▶ **Excerpted records**
☆ ☆ ☆ ☆ ☆

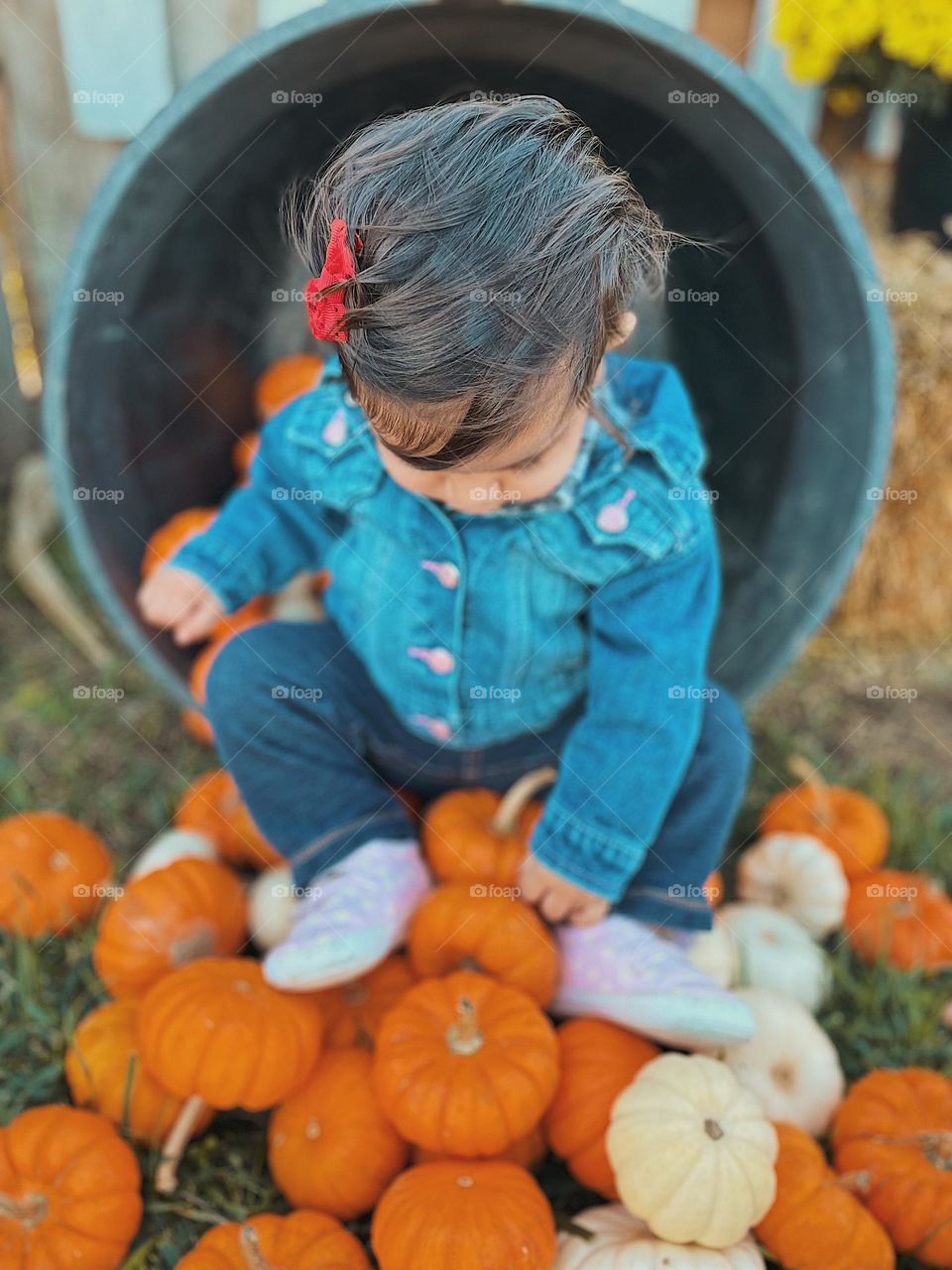 Baby girl sits atop a pile of pumpkins, baby girl at the pumpkin patch, picking pumpkins from the farm, baby’s first Halloween, fall time fun with kids, baby pumpkins with a baby girl 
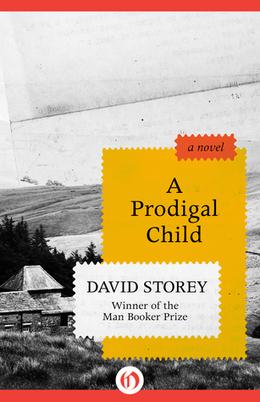 A Prodigal Child: A Novel by David Storey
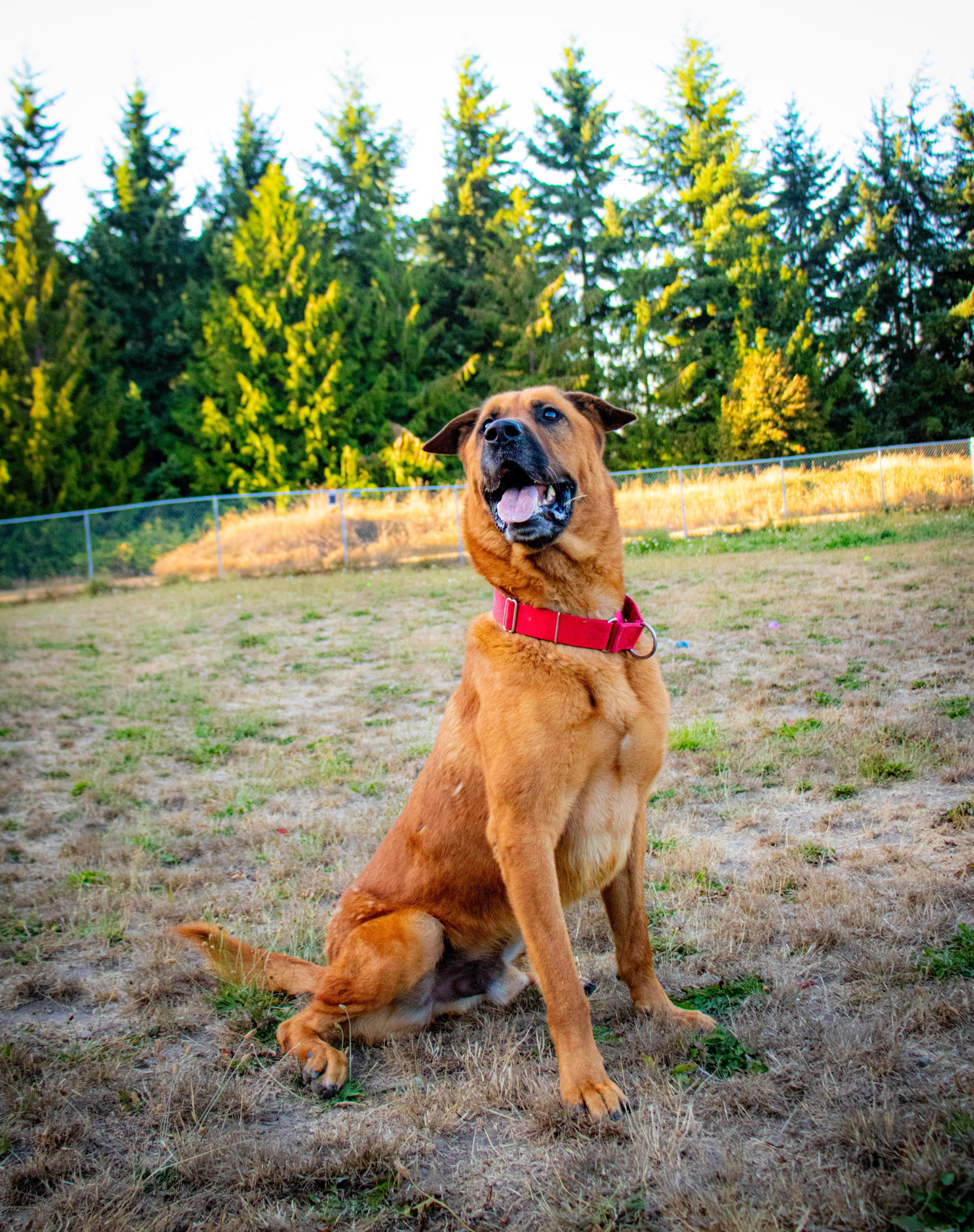 Bear, an adoptable Anatolian Shepherd in Port Angeles, WA, 98363 | Photo Image 1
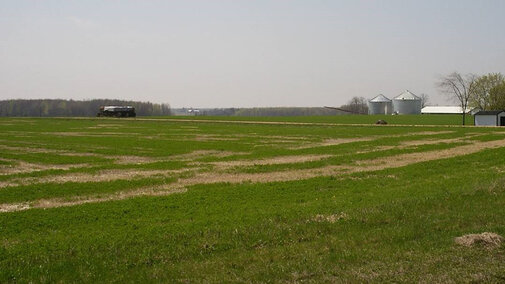 Figure 1. Now is a good time to evaluae your alfalfa stands to determine the level of winter injury they may have sustained during the bitter early-winter cold spell. (Photo by Bruce Anderson)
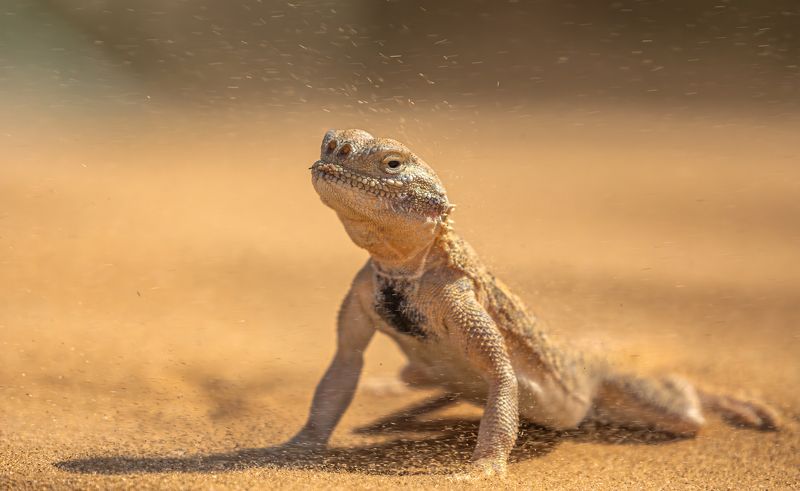 Буря в пустыне.  фото превью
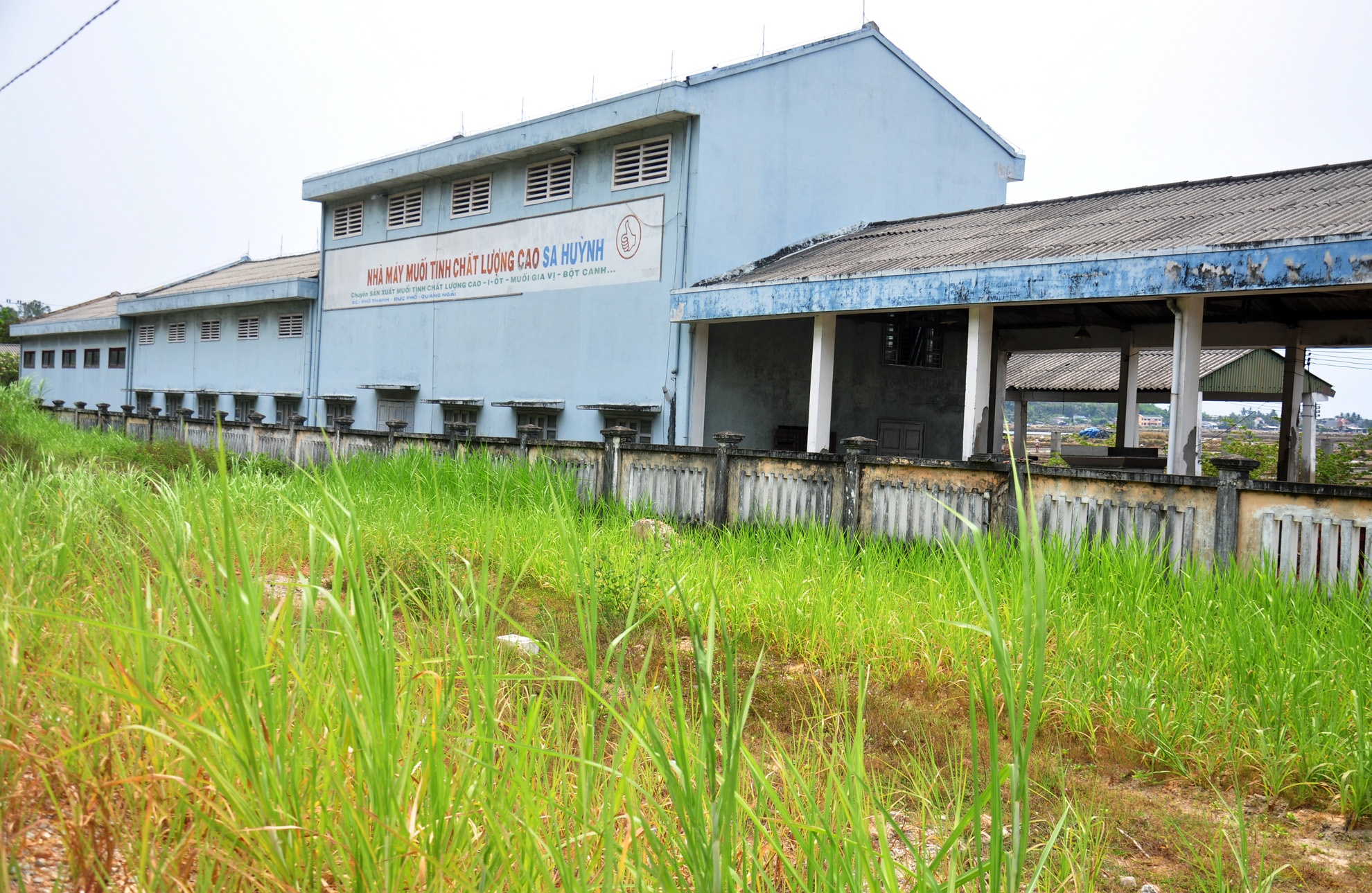 Nha may che bien muoi bo hoang, dan dieu dung hinh anh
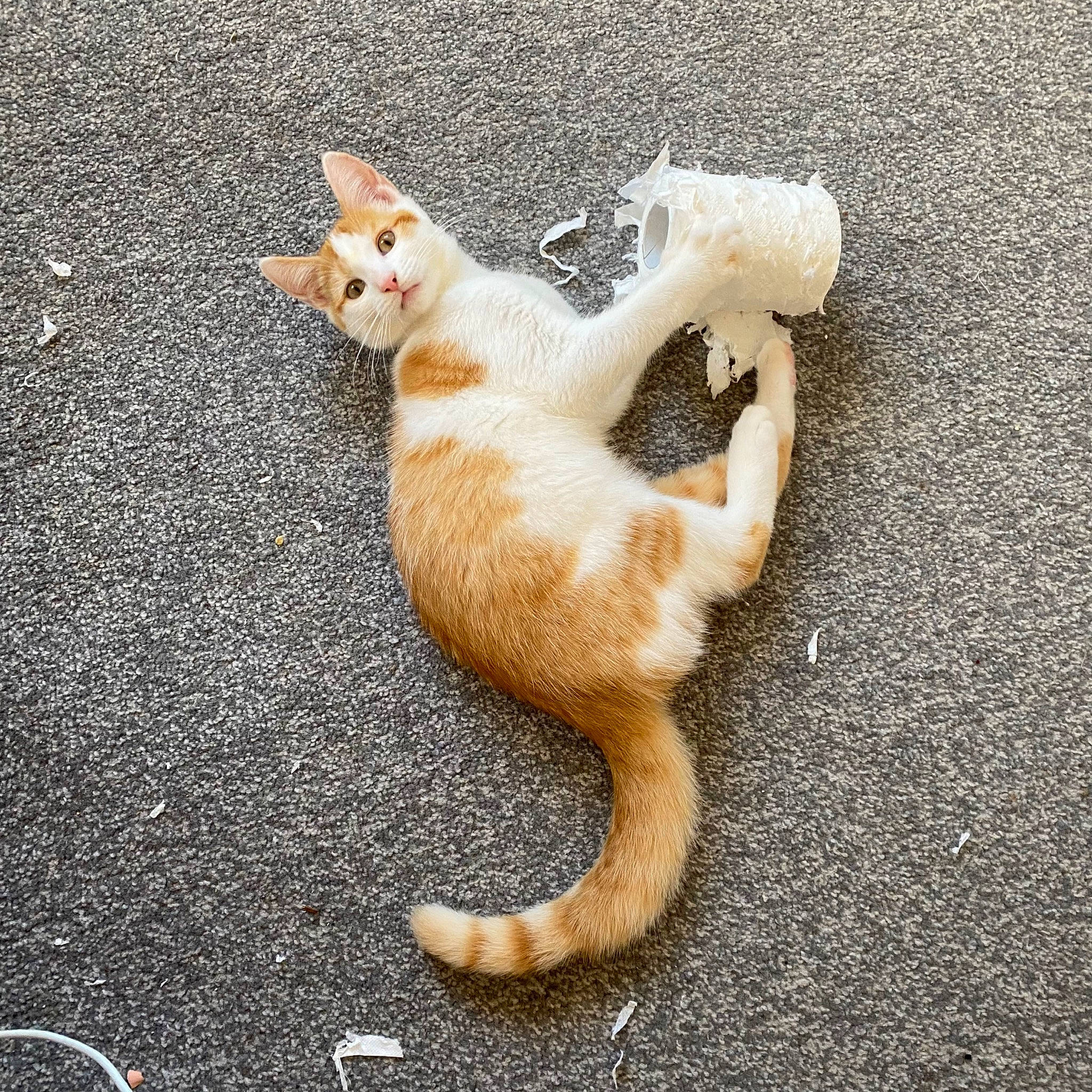 Toulouse is registered to the contest to win money with this photo: asphalt, canidae, carnivore, cat, claw, domestic_short_haired_cat, fawn, felidae, foot, fur, human_leg, paw, road_surface, sand, small_to_medium_sized_cats, snout, tail, terrestrial_animal, whiskers, wood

☆ ☆ ☆ ☆ ☆

Copy each of the entries above precisely, and drop whatever pictures they hold.

 Baby girl sits atop a pile of pumpkins, baby girl at the pumpkin patch, picking pumpkins from the farm, baby’s first Halloween, fall time fun with kids, baby pumpkins with a baby girl 
 A Prodigal Child: A Novel by David Storey
 Bear, an adoptable Anatolian Shepherd in Port Angeles, WA, 98363 | Photo Image 1
 Figure 1. Now is a good time to evaluae your alfalfa stands to determine the level of winter injury they may have sustained during the bitter early-winter cold spell. (Photo by Bruce Anderson)
 Буря в пустыне.  фото превью
 Nha may che bien muoi bo hoang, dan dieu dung hinh anh
 Toulouse is registered to the contest to win money with this photo: asphalt, canidae, carnivore, cat, claw, domestic_short_haired_cat, fawn, felidae, foot, fur, human_leg, paw, road_surface, sand, small_to_medium_sized_cats, snout, tail, terrestrial_animal, whiskers, wood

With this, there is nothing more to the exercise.